Task input —
__________________________________________________
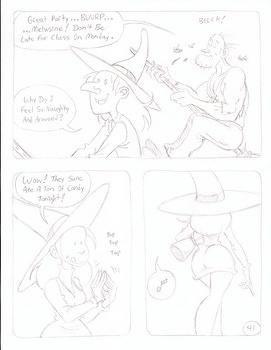 melusine-magic-drum042 free hentai comics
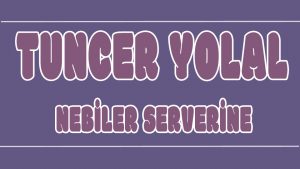 Nebiler Serverine ilahi Sözleri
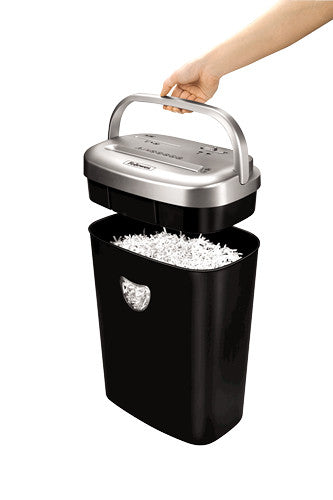 Destruidora Fellowes Powershred 53C / Preto / 230V_2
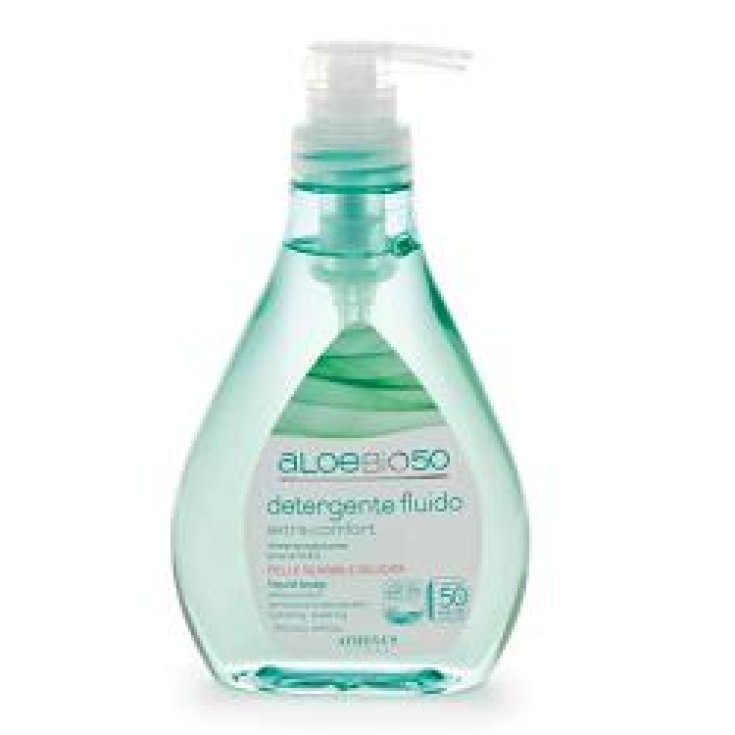 Athena's AloeBio50 Detergente Fluido extra-comfort 250 ml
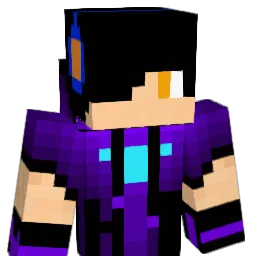 lam2121 Minecraft avatar bust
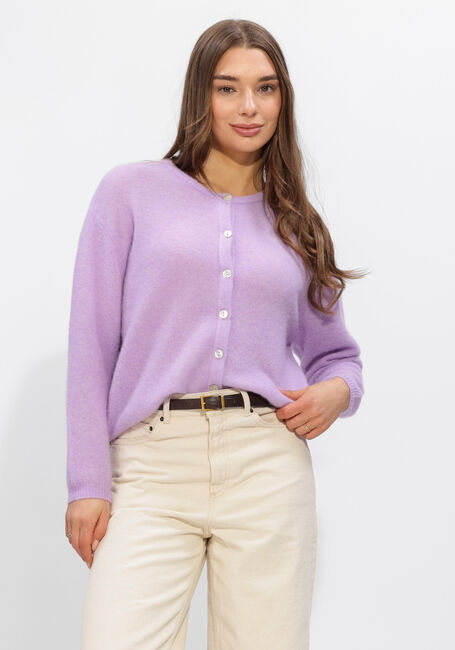 AMERICAN VINTAGE Gilet VITOW Lilas - large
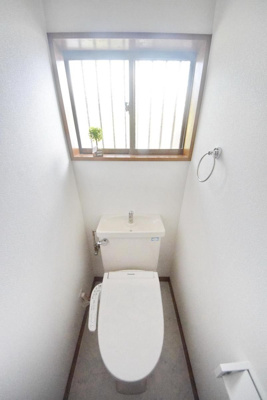 【トイレ】戸倉2丁目貸家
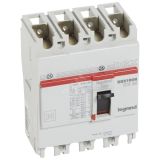 Выключатель автоматический DRX125 термомагнитный 20A 4П 20кА 027031 Legrand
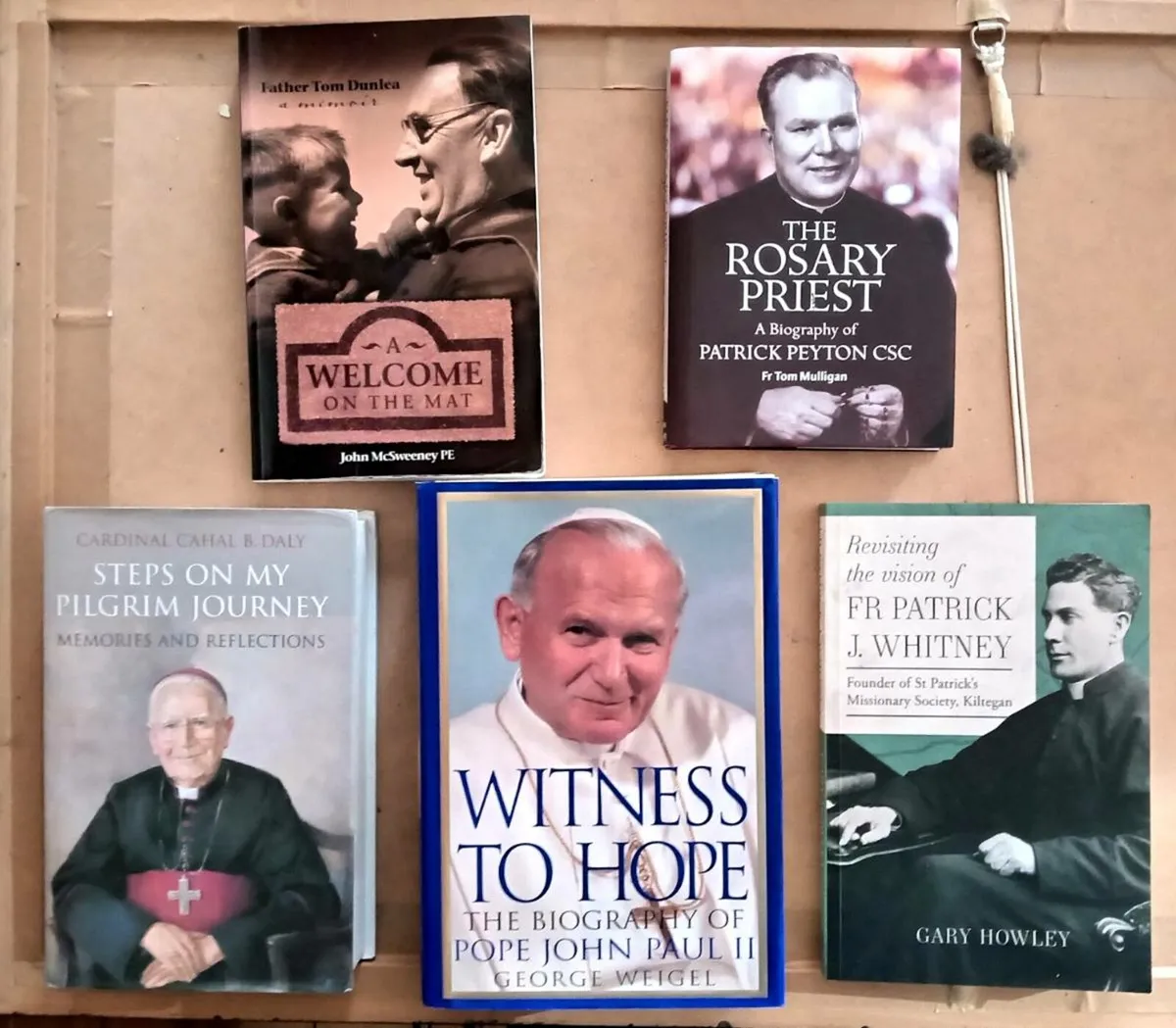 Religious Books Three for €20 - Image 3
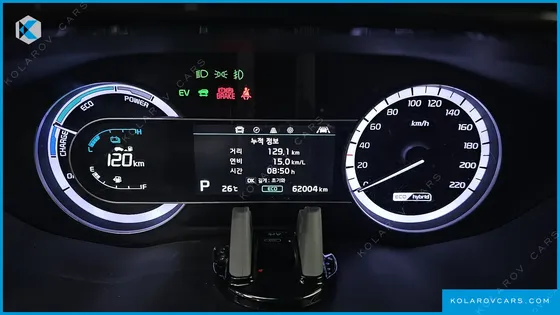 KIA NIRO 1.6 HEV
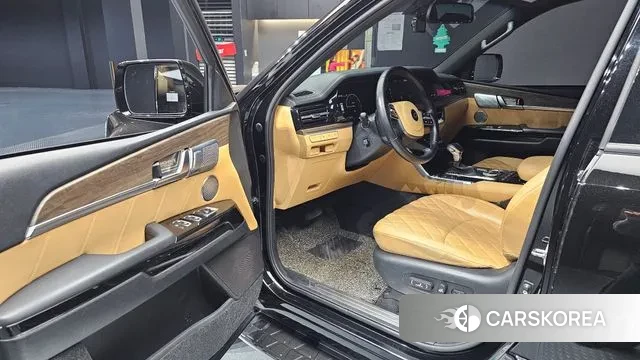 Kia Mohave Master 2020 Черный из Кореи, фото 2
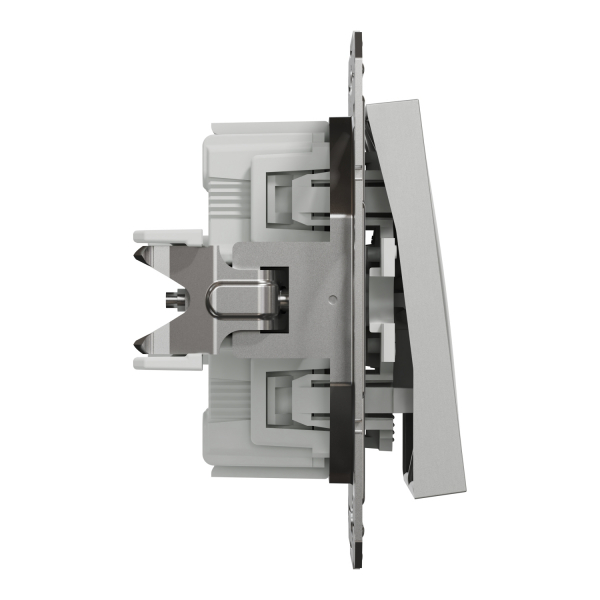 Schneider Asfora - Doppel Ein / Ausschalter - Serienschalter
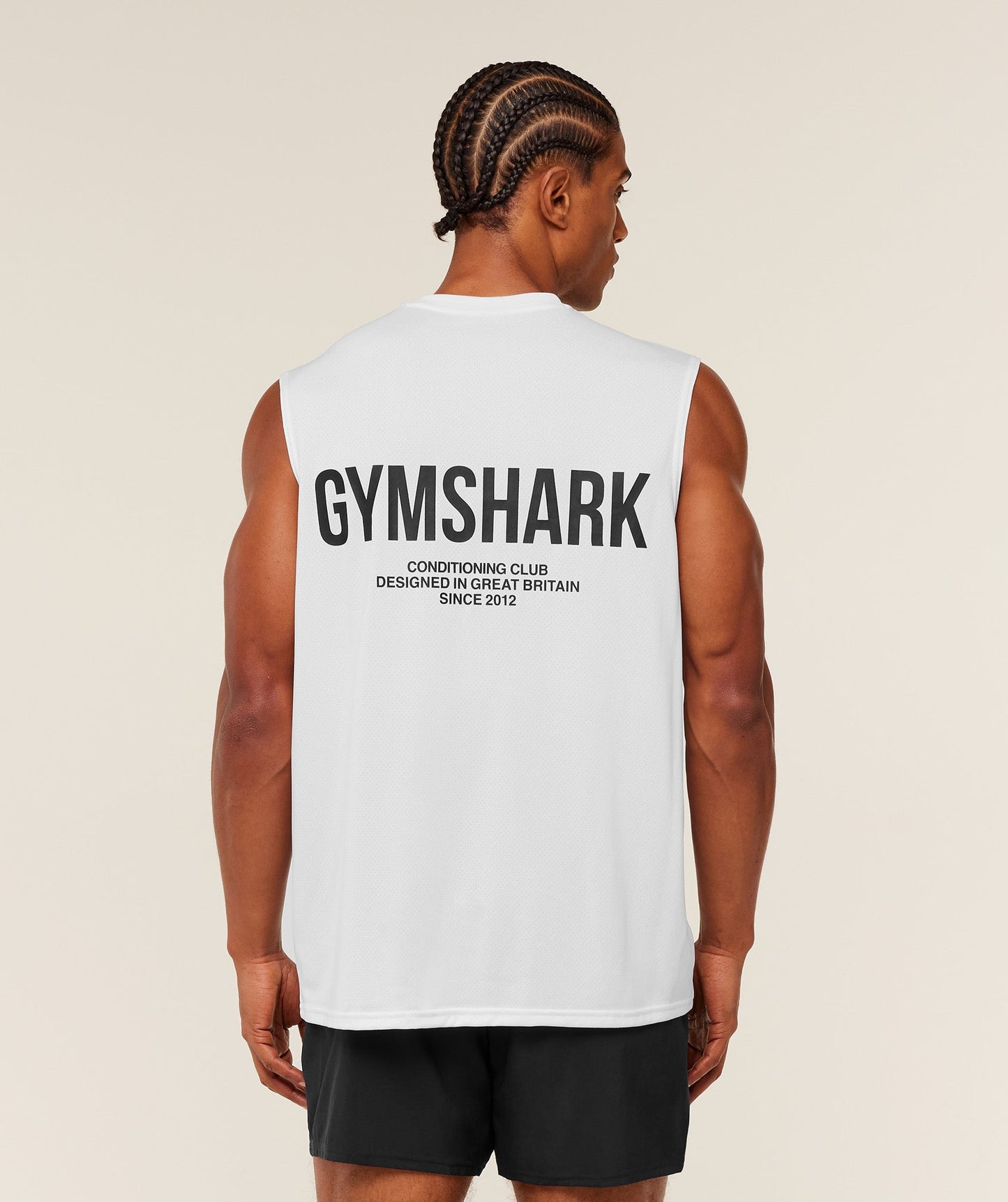 Conditioning Club Tank - US 4158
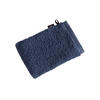 WASCHLAPPEN HIGH LINE Blau  - Blau, Basics, Textil (22/16cm) - Vossen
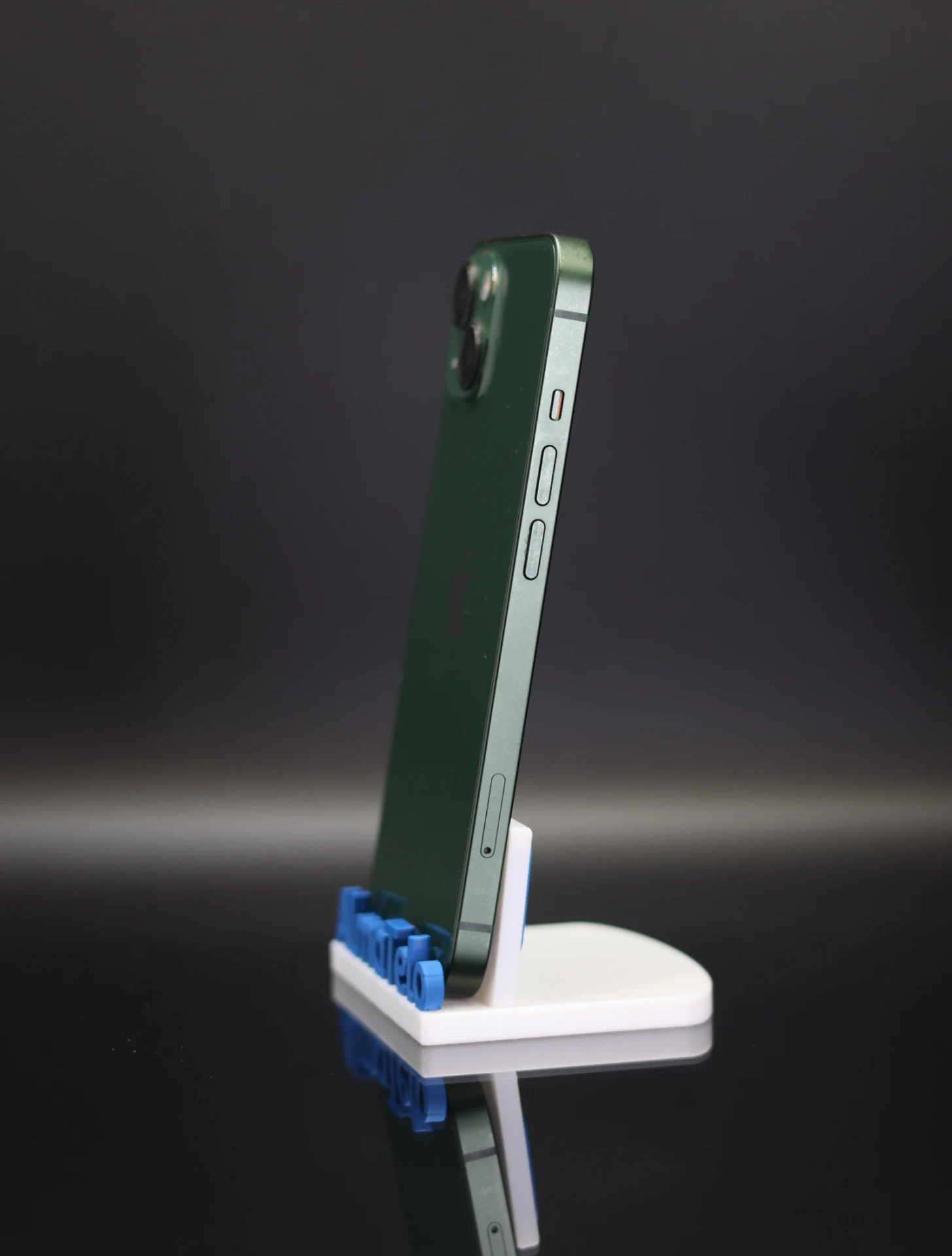 Apple iPhone 13 128 GB Green 100% akku - 12 HÓ GARANCIA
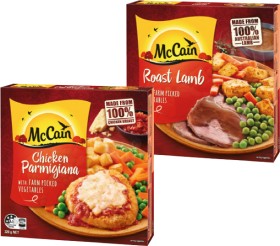 McCain+Redbox+Frozen+Meal+310%E2%80%91320g+Selected+Varieties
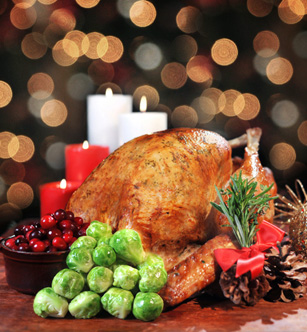 Traditional Roast Turkey 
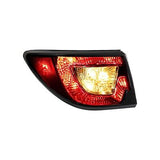 Outer Left Tail Light Turn Signal Lamp Driver Side LH Hand Brake Stop Compati...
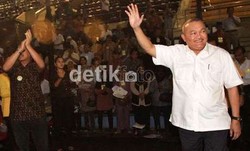 Kasus Wisma Atlet Palembang, KPK Panggil Alex Noerdin Lagi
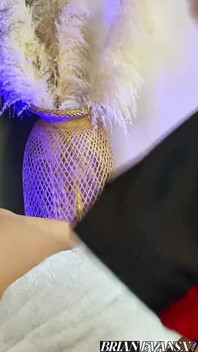 Heet, Volgeborste Masseuse Ambar Prada Is Zwanger En Geeft Me Een Gelukkig Einde - Brian Evansx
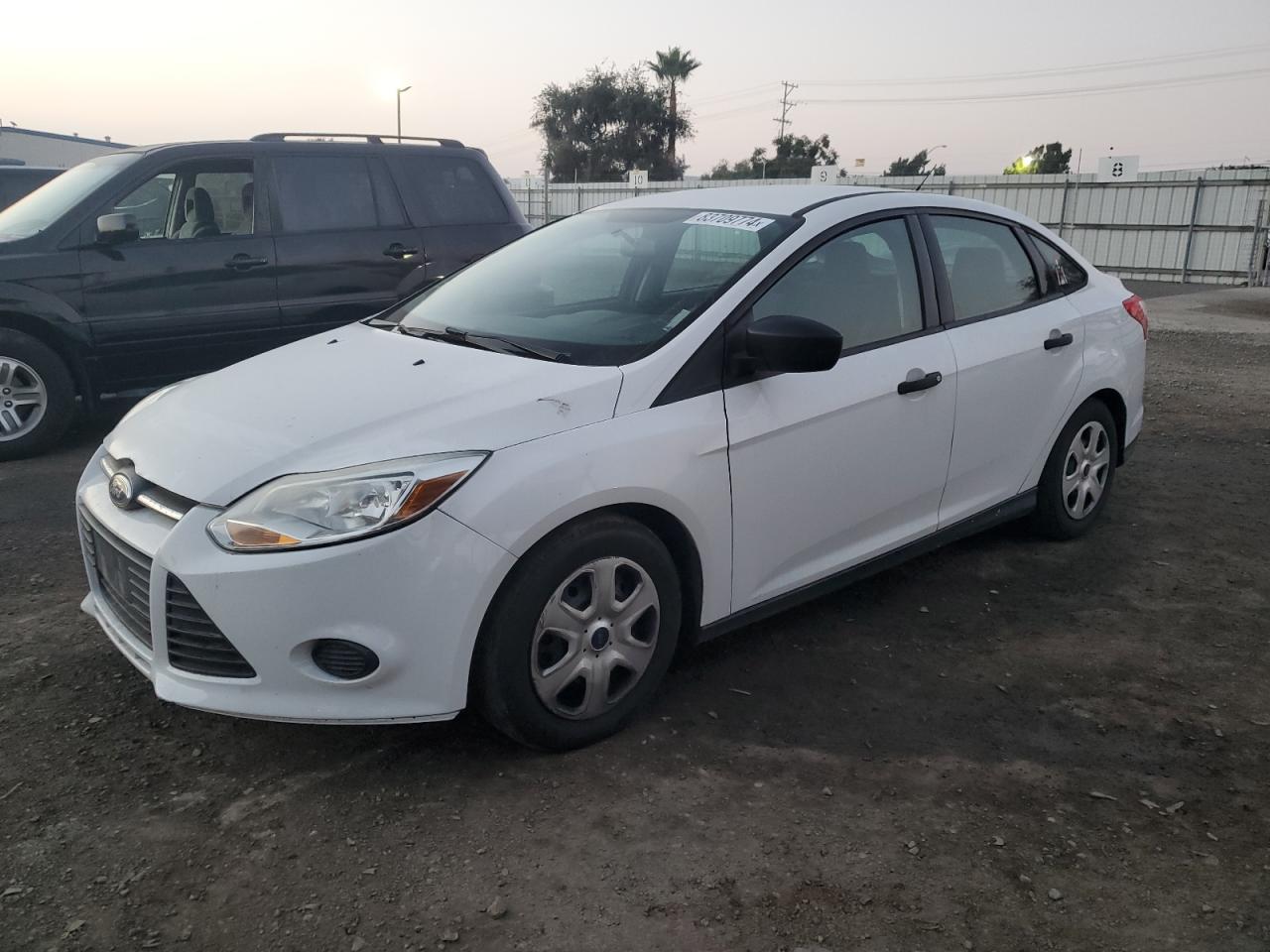 FORD FOCUS S 2014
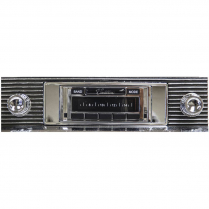 1954-55 Cadillac Passenger Car USA-630 Radio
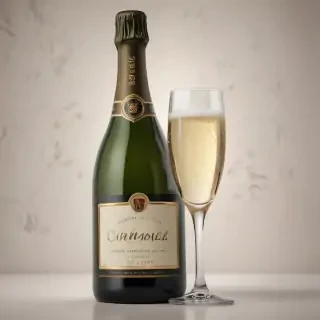 champagne png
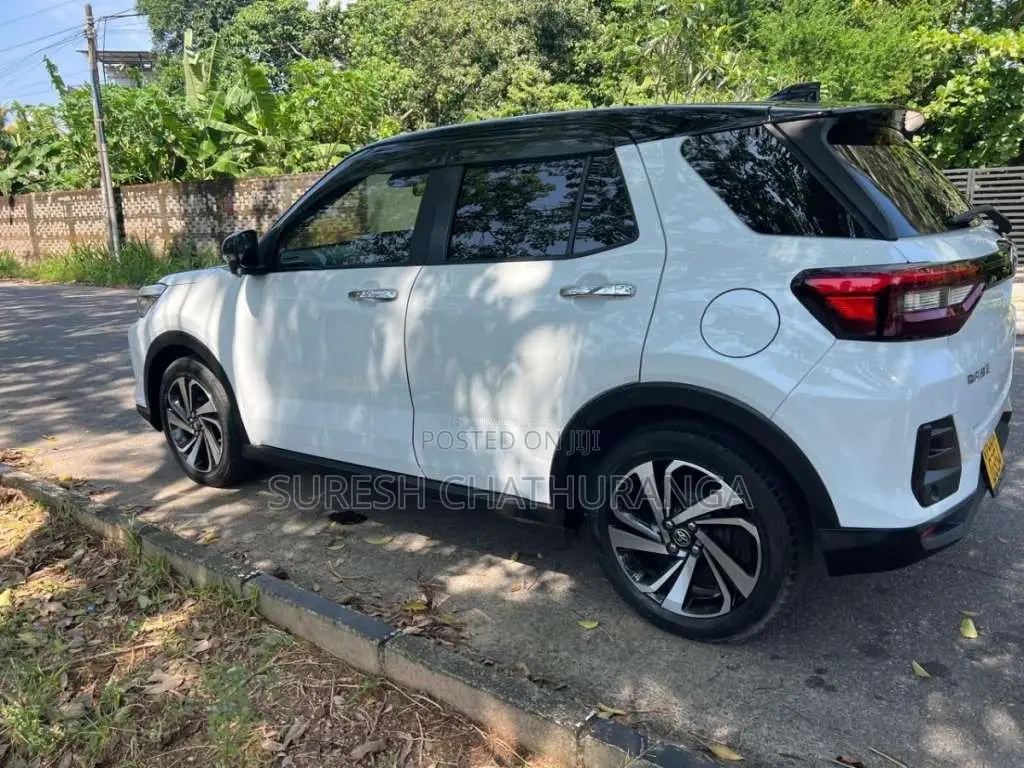Toyota Raize 2019 SUV (Used)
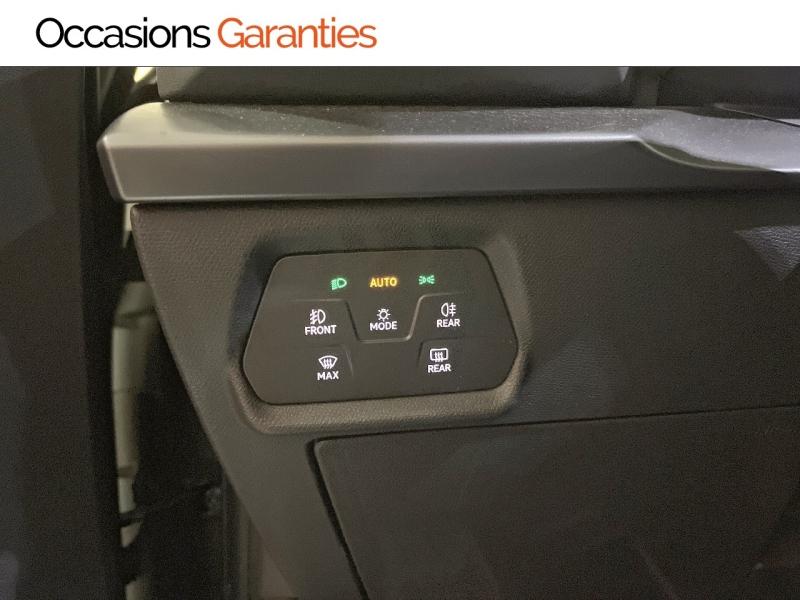 Voitures occasions CUPRA FORMENTOR VZ Extreme Paris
__________________________________________________
What you are asked to do —
Starting with the line above that holds "Apple iPhone 13", restate each line word for word up to and including the line that holds "Kasus Wisma Atlet". Drop the pictures.

Your solution —
 Apple iPhone 13 128 GB Green 100% akku - 12 HÓ GARANCIA
 McCain+Redbox+Frozen+Meal+310%E2%80%91320g+Selected+Varieties
 Traditional Roast Turkey 
 Outer Left Tail Light Turn Signal Lamp Driver Side LH Hand Brake Stop Compati...
 Kasus Wisma Atlet Palembang, KPK Panggil Alex Noerdin Lagi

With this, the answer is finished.